Note that by default simjm
will simulate data for three longitudinal biomarkers. However, if we only want one or two longitudinal biomarkers then we simply need to adjust the "true" parameters accordingly so that we still get realistic survival times. Some examples of appropriate "true" parameter values are given below.
# For one longitudinal marker:
simdat1 <- simjm(M = 1, betaEvent_assoc = 0.03)
# For two longitudinal markers:
simdat2 <- simjm(M = 2, betaEvent_assoc = 0.015)
# For three longitudinal markers, we can just use the defaults:
simdat3 <- simjm()
# Simulate three longitudinal markers, using "etaslope"
# association structure
simdat4 <- simjm(assoc = "etaslope", betaEvent_assoc = 0.3)
And here is an example of the resulting data frames:
simdat2$Event %>% dplyr::filter(id %in% 1:2)
#> id Z1 Z2 eventtime status
#> 1 1 0 -1.6072995 20.00000 0
#> 2 2 0 -0.7013221 12.51011 1
simdat2$Long1 %>% dplyr::filter(id %in% 1:2)
#> id Z1 Z2 eventtime status tij Yij_1
#> 1 1 0 -1.6072995 20.00000 0 0.0000000 7.407485
#> 2 1 0 -1.6072995 20.00000 0 7.8174792 8.248891
#> 3 1 0 -1.6072995 20.00000 0 9.0557943 7.174677
#> 4 1 0 -1.6072995 20.00000 0 9.3296569 7.241487
#> 5 1 0 -1.6072995 20.00000 0 9.4837721 8.056077
#> 6 1 0 -1.6072995 20.00000 0 14.5213306 7.084750
#> 7 1 0 -1.6072995 20.00000 0 17.8353023 5.609793
#> 8 1 0 -1.6072995 20.00000 0 18.2803002 6.196316
#> 9 1 0 -1.6072995 20.00000 0 19.3026583 5.134052
#> 10 1 0 -1.6072995 20.00000 0 19.7686089 5.413853
#> 11 2 0 -0.7013221 12.51011 1 0.0000000 7.930274
#> 12 2 0 -0.7013221 12.51011 1 0.9755494 7.564502
#> 13 2 0 -0.7013221 12.51011 1 2.7564974 8.828539
#> 14 2 0 -0.7013221 12.51011 1 2.9984159 7.187226
#> 15 2 0 -0.7013221 12.51011 1 5.2723265 7.329603
#> 16 2 0 -0.7013221 12.51011 1 7.1082889 7.550815
#> 17 2 0 -0.7013221 12.51011 1 10.9639076 7.311300
simdat2$Long2 %>% dplyr::filter(id %in% 1:2)
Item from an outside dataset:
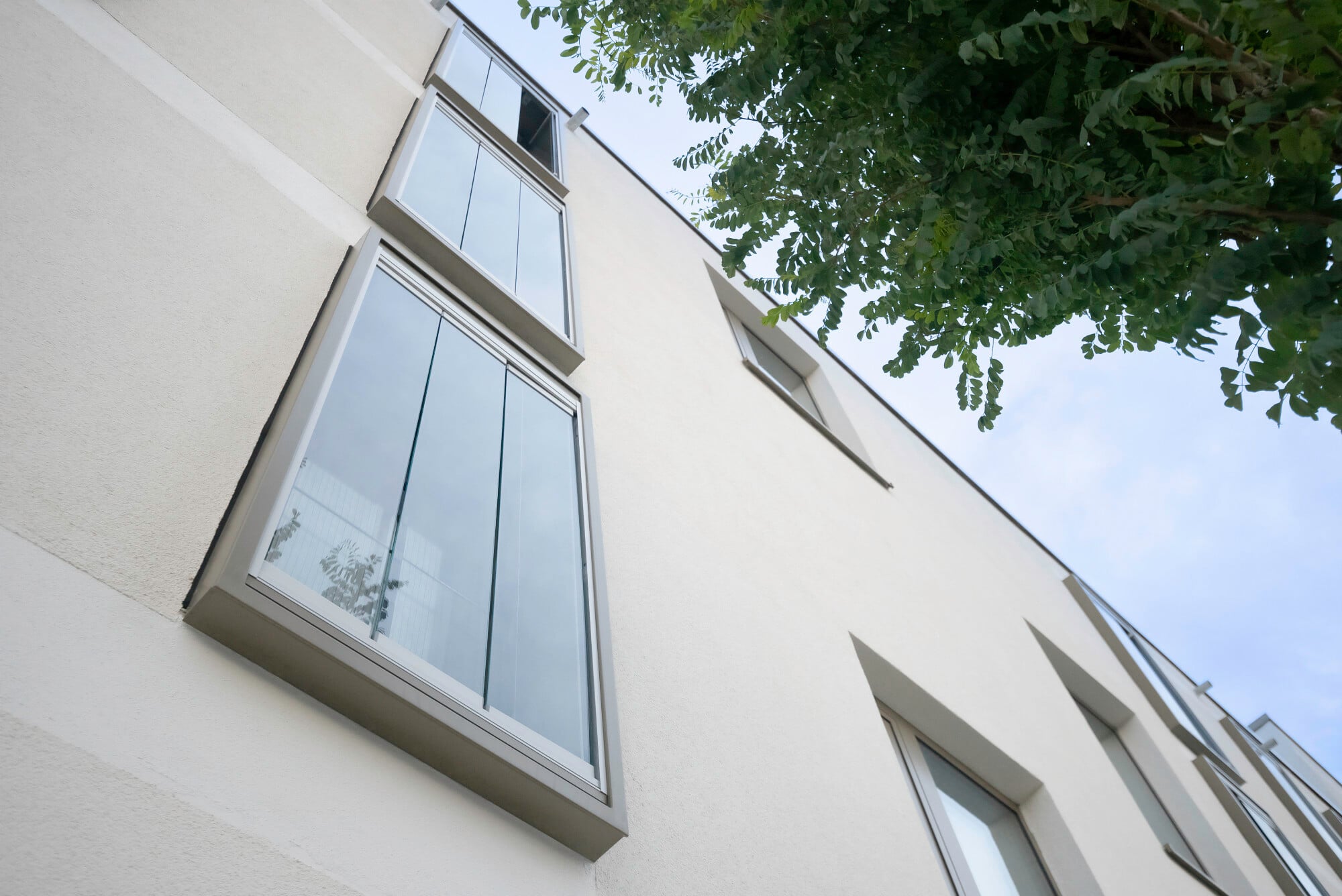 Nach außen schließt das Kastenfenster mit drei ebenfalls raumhohen Dreh-Schiebe-Elemente aus dem System Solarlux SL 25 ab.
#> id Z1 Z2 eventtime status tij Yij_2
#> 1 1 0 -1.6072995 20.00000 0 0.00000000 8.946639
#> 2 1 0 -1.6072995 20.00000 0 0.06402065 8.782643
#> 3 1 0 -1.6072995 20.00000 0 0.06828614 10.131194
#> 4 1 0 -1.6072995 20.00000 0 1.00358446 8.953131
#> 5 1 0 -1.6072995 20.00000 0 2.85765766 9.108531
#> 6 1 0 -1.6072995 20.00000 0 7.85927276 7.711013
#> 7 1 0 -1.6072995 20.00000 0 11.98695763 7.932241
#> 8 1 0 -1.6072995 20.00000 0 14.67148988 8.327863
#> 9 1 0 -1.6072995 20.00000 0 19.34600598 6.102380
#> 10 1 0 -1.6072995 20.00000 0 19.60524346 5.205007
#> 11 2 0 -0.7013221 12.51011 1 0.00000000 10.182755
#> 12 2 0 -0.7013221 12.51011 1 2.88195474 9.638174
#> 13 2 0 -0.7013221 12.51011 1 4.60165111 9.835940
#> 14 2 0 -0.7013221 12.51011 1 12.02851147 8.827208
If you find any bugs, please file an issue or report them via email to Sam Brilleman.
-
Crowther MJ, and Lambert PC. Simulating biologically plausible complex survival data. Statistics in Medicine 2013; 32, 4118--4134. doi:10.1002/sim.5823
-
Bender R, Augustin T, and Blettner M. Generating survival times to simulate Cox proportional hazards models. Statistics in Medicine 2005; 24(11), 1713--1723.
-
Brent R. (1973) Algorithms for Minimization without Derivatives. Englewood Cliffs, NJ: Prentice-Hall.